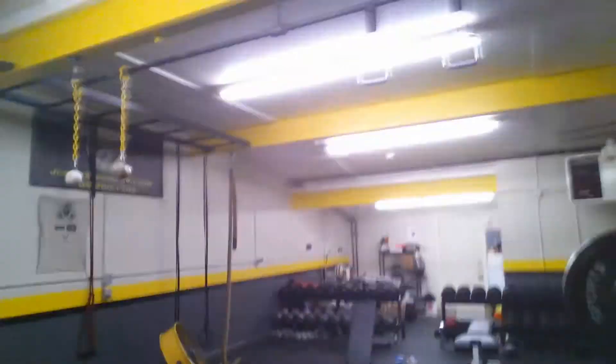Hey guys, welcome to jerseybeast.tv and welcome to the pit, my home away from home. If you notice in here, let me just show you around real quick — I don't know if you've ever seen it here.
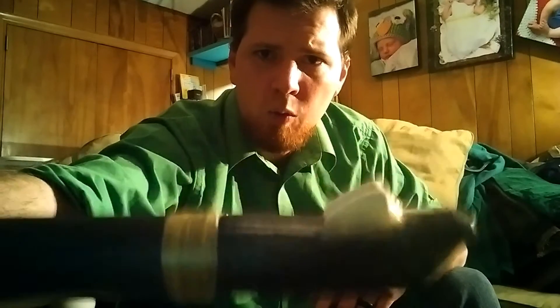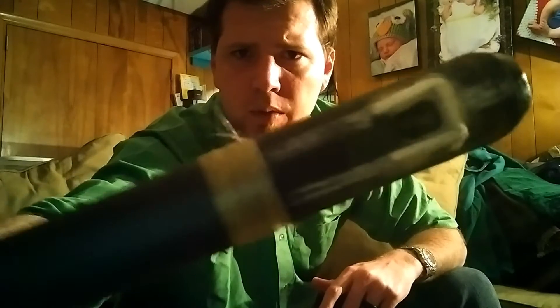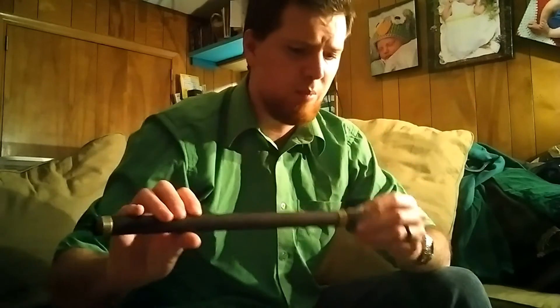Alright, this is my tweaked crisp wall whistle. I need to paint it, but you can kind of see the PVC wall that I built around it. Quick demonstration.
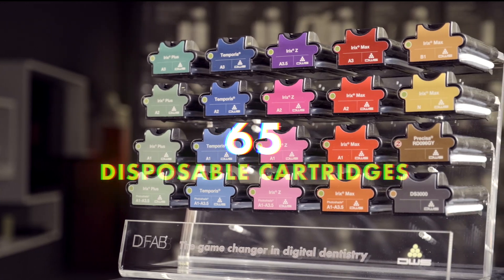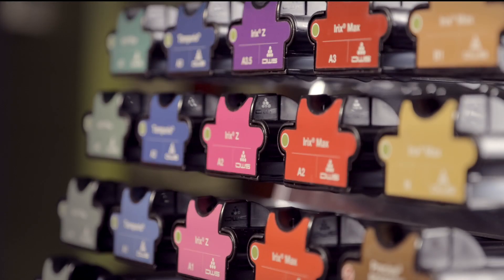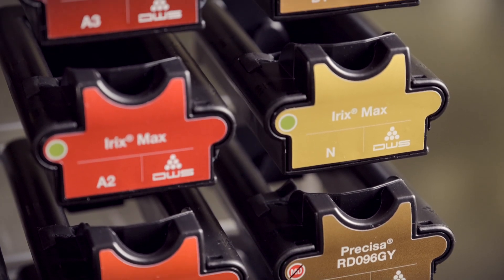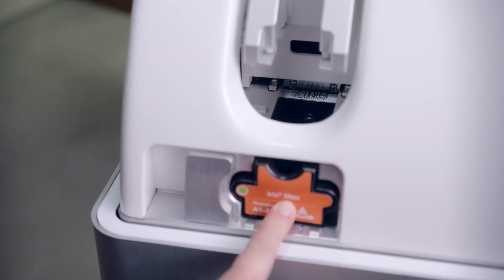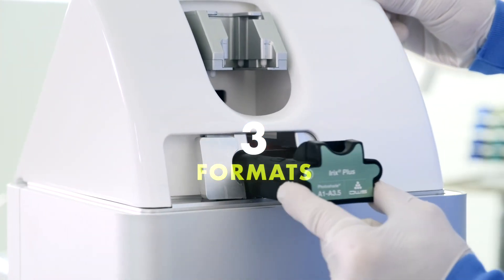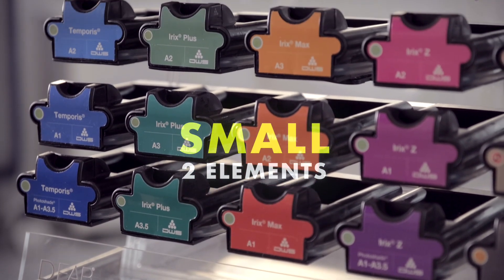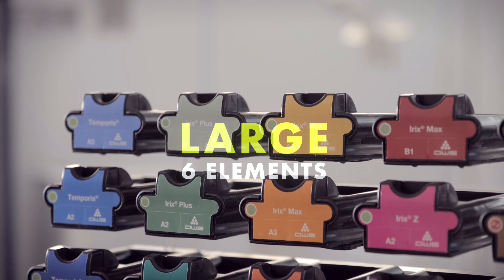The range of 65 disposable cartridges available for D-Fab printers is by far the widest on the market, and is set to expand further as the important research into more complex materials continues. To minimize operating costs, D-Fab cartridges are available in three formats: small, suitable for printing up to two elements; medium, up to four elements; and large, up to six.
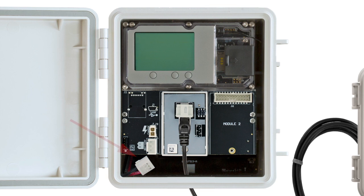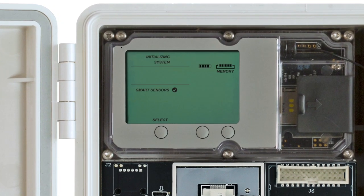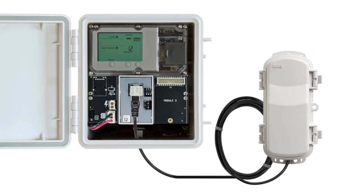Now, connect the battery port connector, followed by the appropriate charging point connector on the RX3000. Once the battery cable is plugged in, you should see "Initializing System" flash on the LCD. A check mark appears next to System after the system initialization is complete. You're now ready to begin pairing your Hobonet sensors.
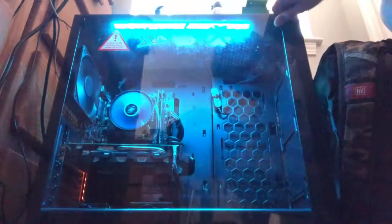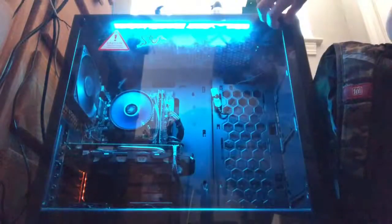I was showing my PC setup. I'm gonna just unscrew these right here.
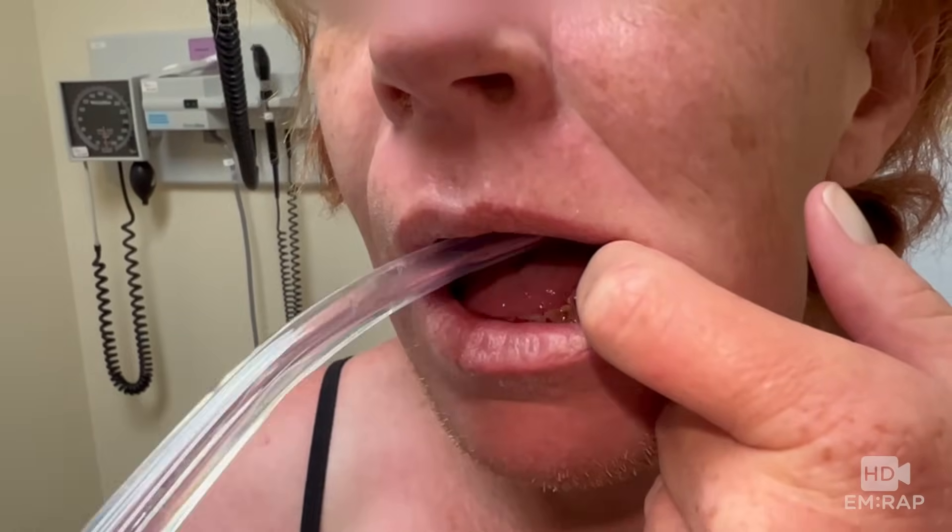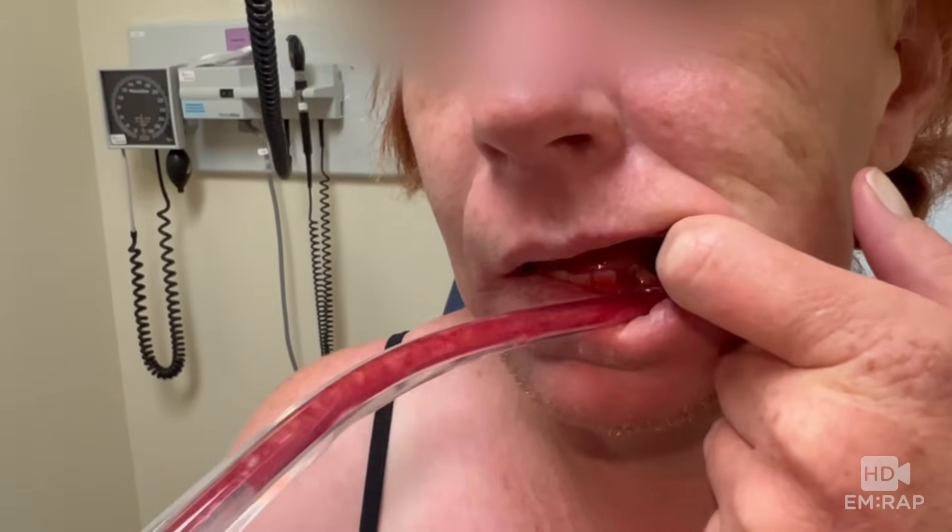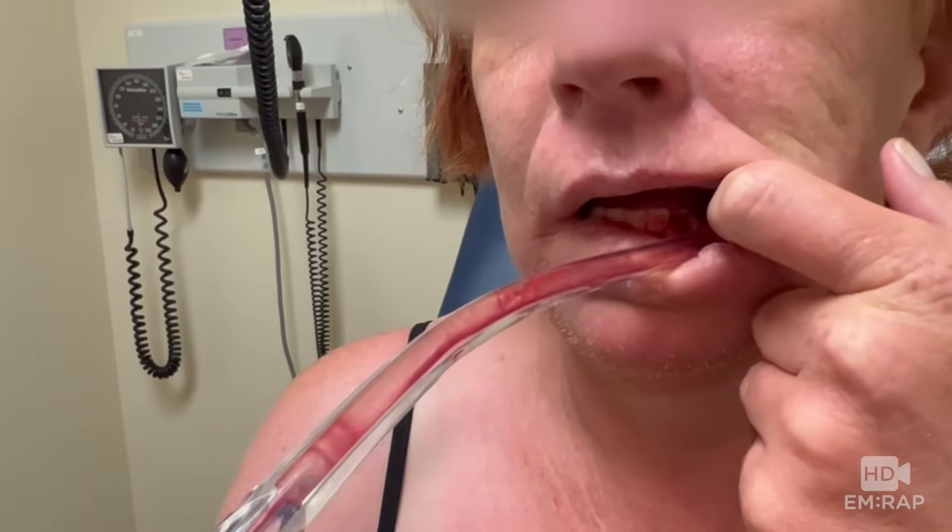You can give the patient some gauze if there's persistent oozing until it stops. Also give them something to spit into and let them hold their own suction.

_ _ _ _ _

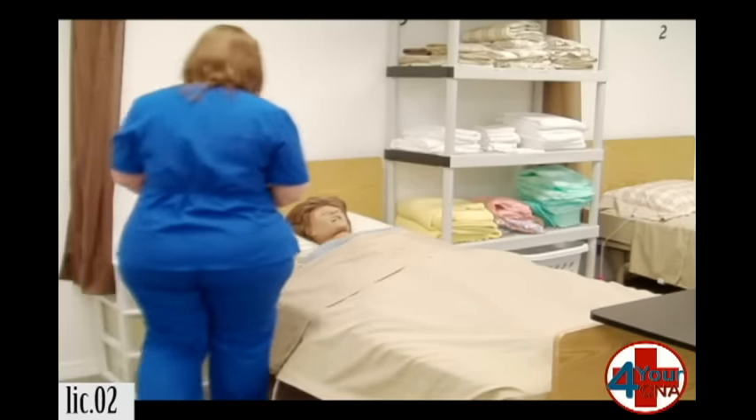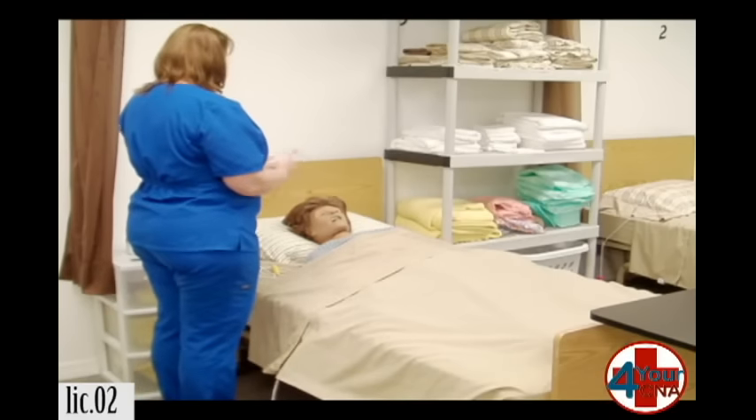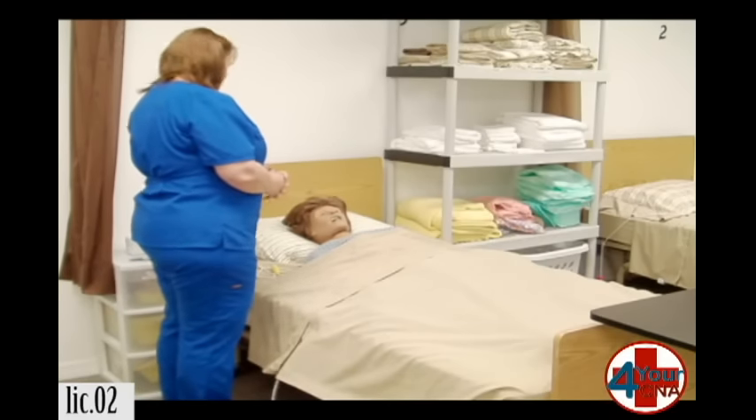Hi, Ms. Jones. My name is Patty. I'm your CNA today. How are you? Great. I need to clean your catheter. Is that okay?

_ _ _ _ _

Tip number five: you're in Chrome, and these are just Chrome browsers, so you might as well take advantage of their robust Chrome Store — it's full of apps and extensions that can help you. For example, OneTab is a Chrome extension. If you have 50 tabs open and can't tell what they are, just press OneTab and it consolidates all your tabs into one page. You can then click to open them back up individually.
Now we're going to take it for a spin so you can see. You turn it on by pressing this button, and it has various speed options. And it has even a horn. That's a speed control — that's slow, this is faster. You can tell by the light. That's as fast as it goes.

_ _ _ _ _

● THE PROBLEM
Looking at the listing above, which lines run from the one containing "Hey guys, welcome" through the one containing "You can give"? Print exactly those, ends included, pictures excluded.

● RESPONSE TO THE TASK
Hey guys, welcome to jerseybeast.tv and welcome to the pit, my home away from home. If you notice in here, let me just show you around real quick — I don't know if you've ever seen it here.
Alright, this is my tweaked crisp wall whistle. I need to paint it, but you can kind of see the PVC wall that I built around it. Quick demonstration.
The range of 65 disposable cartridges available for D-Fab printers is by far the widest on the market, and is set to expand further as the important research into more complex materials continues. To minimize operating costs, D-Fab cartridges are available in three formats: small, suitable for printing up to two elements; medium, up to four elements; and large, up to six.
Now, connect the battery port connector, followed by the appropriate charging point connector on the RX3000. Once the battery cable is plugged in, you should see "Initializing System" flash on the LCD. A check mark appears next to System after the system initialization is complete. You're now ready to begin pairing your Hobonet sensors.
I was showing my PC setup. I'm gonna just unscrew these right here.
You can give the patient some gauze if there's persistent oozing until it stops. Also give them something to spit into and let them hold their own suction.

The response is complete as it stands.